“You must be the change you want to see in the world” ~ Gandhi.
Has connection got worse since we became so digitally connected or do we simply need to up-skill to catch the wave of modern tribalism?
It’s difficult to miss the extent of which the world has changed in the past three decades. The exponential growth of technology has created a dynamic shift in every aspect of our everyday lives. How we eat, interact and work has shifted onto a mobile platform from dinner via UberEATS to a corporate employment strategy that involves filters on Snapchat, the world is different.
All of the above has been given a lot of airtime and a lot of consideration around how it impacts us on personal, country and global levels.
How we create, build and interact within community has also experienced exponential change. This change has caused great impact on the individual level that has been the focus of considerable negative coverage.
People feel disconnected. People feel lonely.
The thing is, loneliness is proof that your innate search for connection is still intact.
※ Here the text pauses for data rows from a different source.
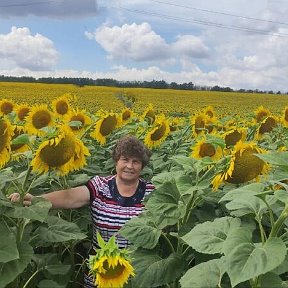 Фотография от Людмила Бодякина (Холоденкова)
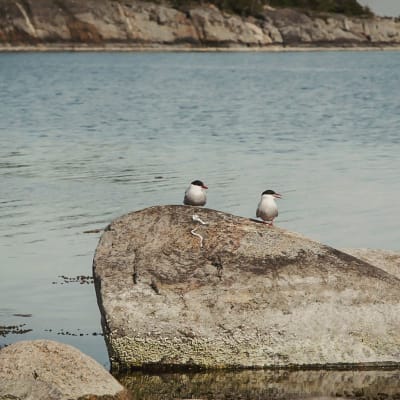 Kaksi tiiraa kivellä Dalskär-saaren rannassa, Saaristomerellä.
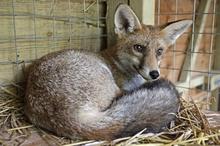 Redfox2_m.jpg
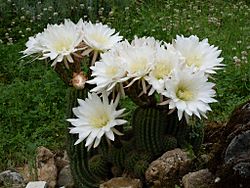 Echinopsis schickendantzii.jpg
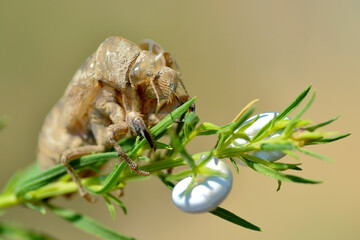 Exuvia of cicada (Lyristes plebejus) seen from front, on plant with two snails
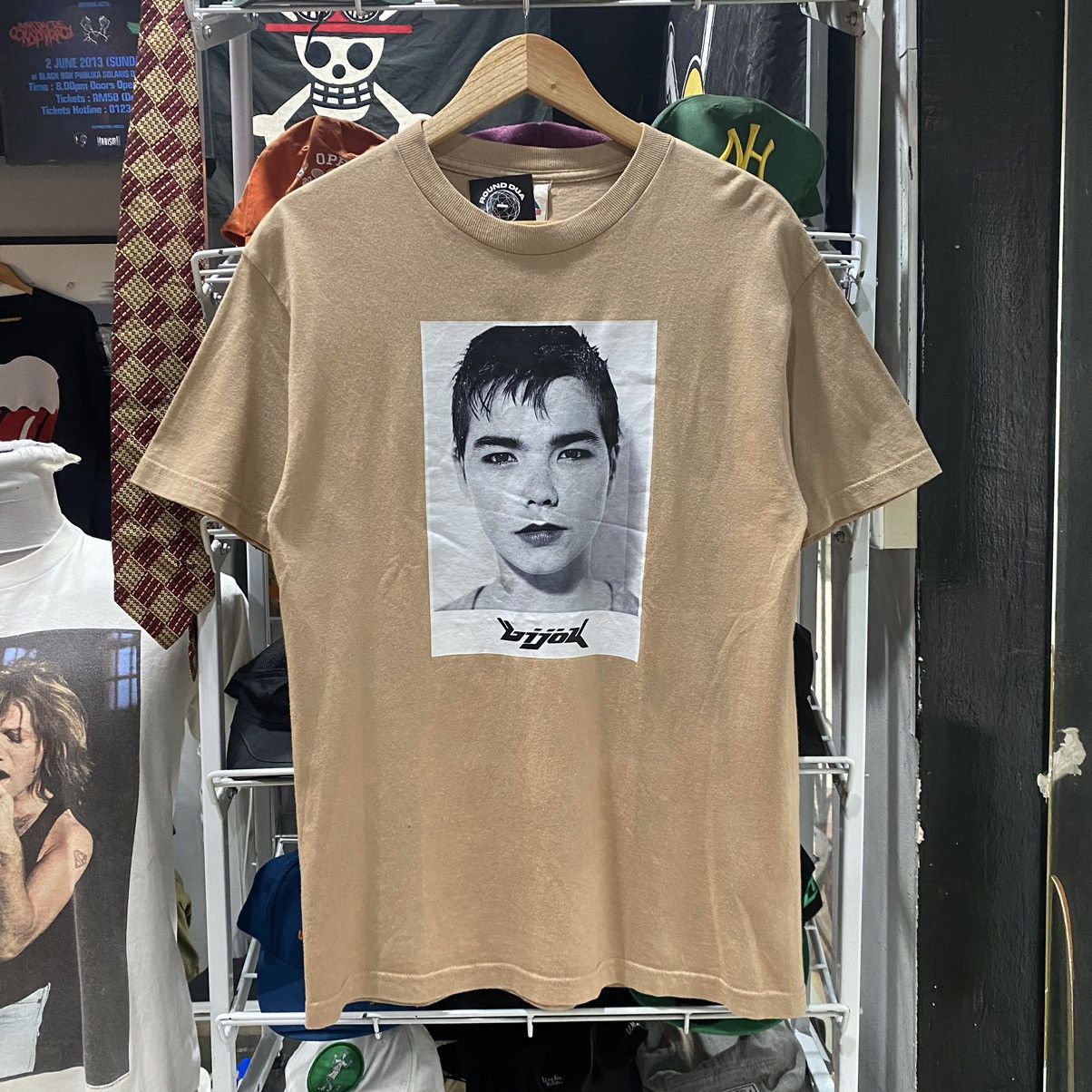Rap Tees Vtg Bjork Y2k Tees Titanic Aphex Twin Vintagenirvana Tupac Hoodie, Sweatshirt | PodTeesHub.com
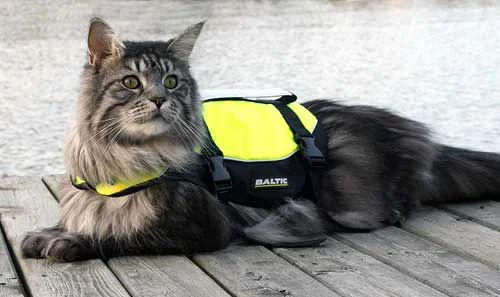 Begränsat antal KATTVÄST MAJA 0-3KG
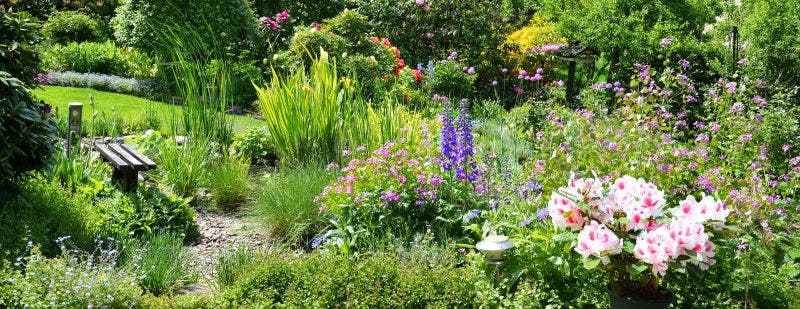 Blumenwiese Blumenwiese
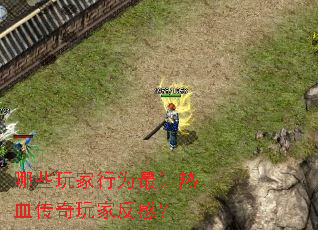 哪些玩家行为最让热血传奇玩家反感? 哪些玩家行为最让热血传奇玩家反感?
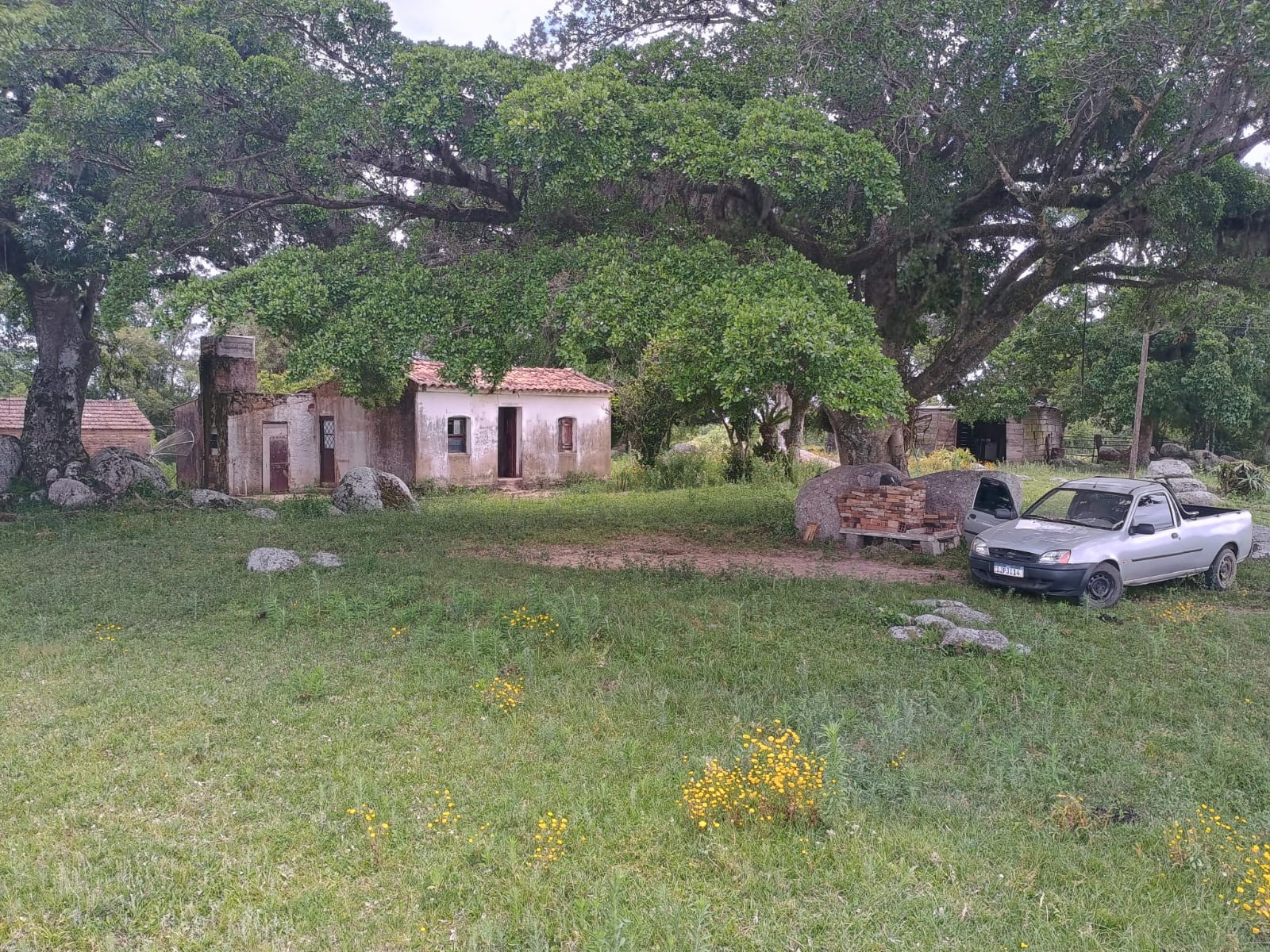 16,13 Hectares em Santa Isabel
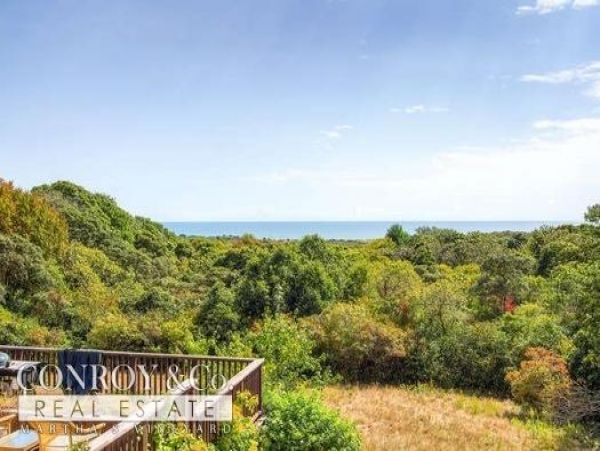 Cape Cod Home 994332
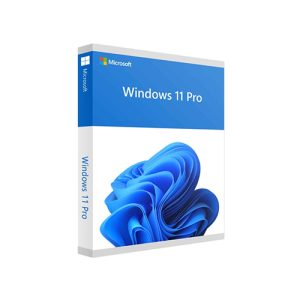 microsoft-windows-11-pro-coem-dvd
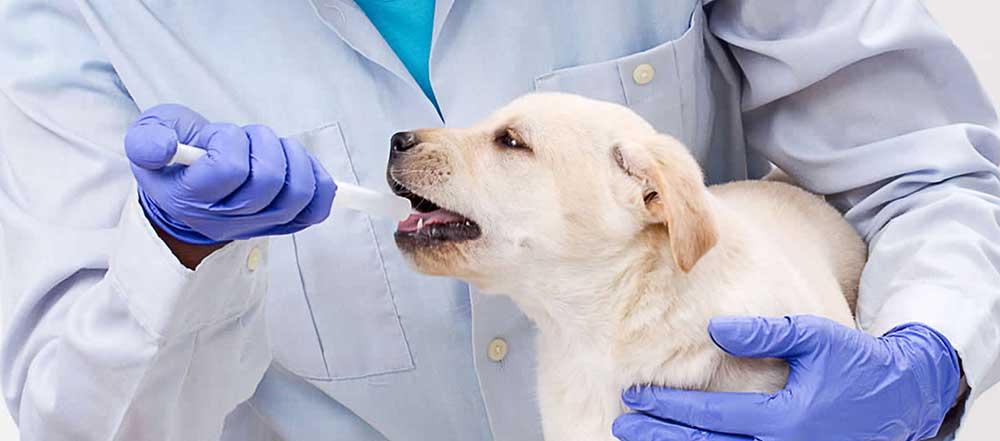 Плановая вакцинация животных (собаки, кошки) в городе Ногинск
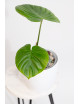 Philodendron nangaritense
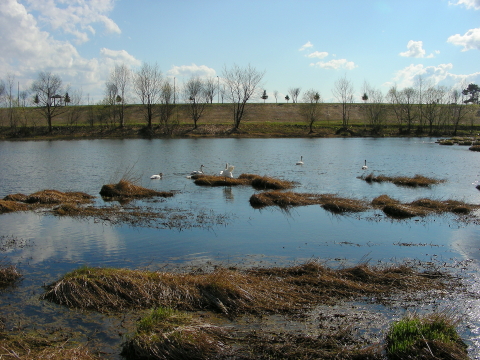 2017-04-29swan1 (1).JPG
The philosopher Aristotle, in his famous conversations with Plato said that there should be three parts to a loving friendship: Unity, Pleasure and Goodness. These are innate skills we are all equipped with, so the only thing standing between any person and their ability to create deep bonds with another is lack of access to others.
I have thought about this a lot. How it could be, that in a time where we are more connected to more places and people than ever before, the average persons experience of connection has decreased.
People have been saying tribal communities are a thing of the past, but I find myself questioning if this is really true, not to belittle the personal experience of people feeling this, more so to understand if it is that the opportunity to connect has actually increased (as you would expect inline with the advancement of digital connectivity) and we just all missed the how-to on YouTube?
Do we need, as a species; to rewrite the way we think connection is made, in order to open the gates to our new global tribe?
Historically if you connected with someone outside of your direct community, it was dangerous, often resulting in loss of life, so we have some deep wiring that unconsciously drives us to be afraid of reaching out into the unknown. Our wiring needs to untangle from the past and we need to reset our thinking about how and where connection is created.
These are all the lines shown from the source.